It’s been said that when in Rome, one must do as the Romans do. With that candor and apprehension in mind, I walked into the auditorium of Trinity Music City in Hendersonville, TN — the former city of gospel singer legend Johnny Cash — to see a live recording of Huckabee.
Mike Huckabee remains a strange remnant of a rather out-of-date vanguard of conservatism, sparsely remembered well nor happily. He’s neither sycophantic enough to survive in the post-Trump Republican Party but also too culturally conservative to appeal to centrists. He’s too conservative to heel turn and join the Jennifer Rubins or Bill Kristol’s of the world and reject populism. He’s a vanguard of the religious right, the realm of fundamentalist Christian thought that has given way to post-liberals Catholic integralists and Trumpist populists among the New Right. He’s both too radical and not radical enough, in all the wrong ways, to appeal to the current right-wing.
Huckabee himself has a background as a pastor. He served as the governor of Arkansas from 1996 to 2007 and ran for president twice in 2008 and 2016. He is also the father of Sarah Huckabee-Sanders, President Trump’s White House press secretary. He’s mostly irrelevant as a political force in 2022 but still regularly makes the rounds in the media to advocate for Trump or other Republican leaders. His show seems to be his primary project at the moment, broadcasting weekly online segments and for the TBN Network.
In a world of David Frenches, Sohrab Amaris, and Curtis Yarvins, the Mike Huckabees of the world exist to lose arguments that President Bush lost 14 years ago — or at the very least, to chase outdated trends and lick President Trump’s boots, for better or worse.

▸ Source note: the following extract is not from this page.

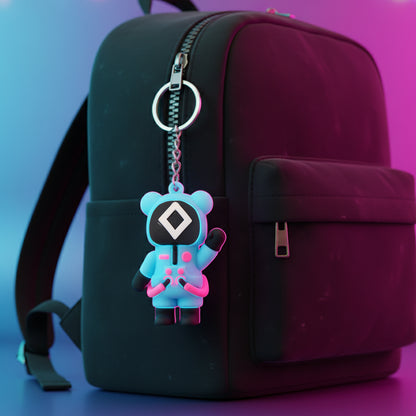 Cute character-themed soft silicone keychain featuring colorful designs, perfect for backpacks and keys, by Wukusy.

That doesn’t stop people from showing up to his live recordings though (although the free price probably doesn’t hurt). I probably wouldn’t have bothered if I had to pay for admission I’m not a fan of Mike Huckabee. I didn’t vote for him in 2008 (as I was a zygote) and neither did again in 2016. I was a Cruz-Con, wretched and abandoned by God. Me being merely a poor corrupt official though, I happily accepted the free ticket for a chance to get out of the house on a Friday night and be around other human beings.
The building itself is fascinating. Trinity Music City was the one-time home of the Country Music Network, the only television channel dedicated to country music videos, to my knowledge. It’s a piece of Nashville history on a par with the likes of The Grand Ole Opry and the Ryman Auditorium, spaces where dozens of the greatest voices and musicians in American history shared space on stage. Retrofitted for Huckabee, the room definitely feels hollowed out and tacky. One senses that the building was likely not very expensive to purchase and renovate. The auditorium which once held hundreds of country music fans and great musical talents has been retrofitted to function with the same streamlined Late Night Comedy show feel but is entirely geared towards Christian Conservatives.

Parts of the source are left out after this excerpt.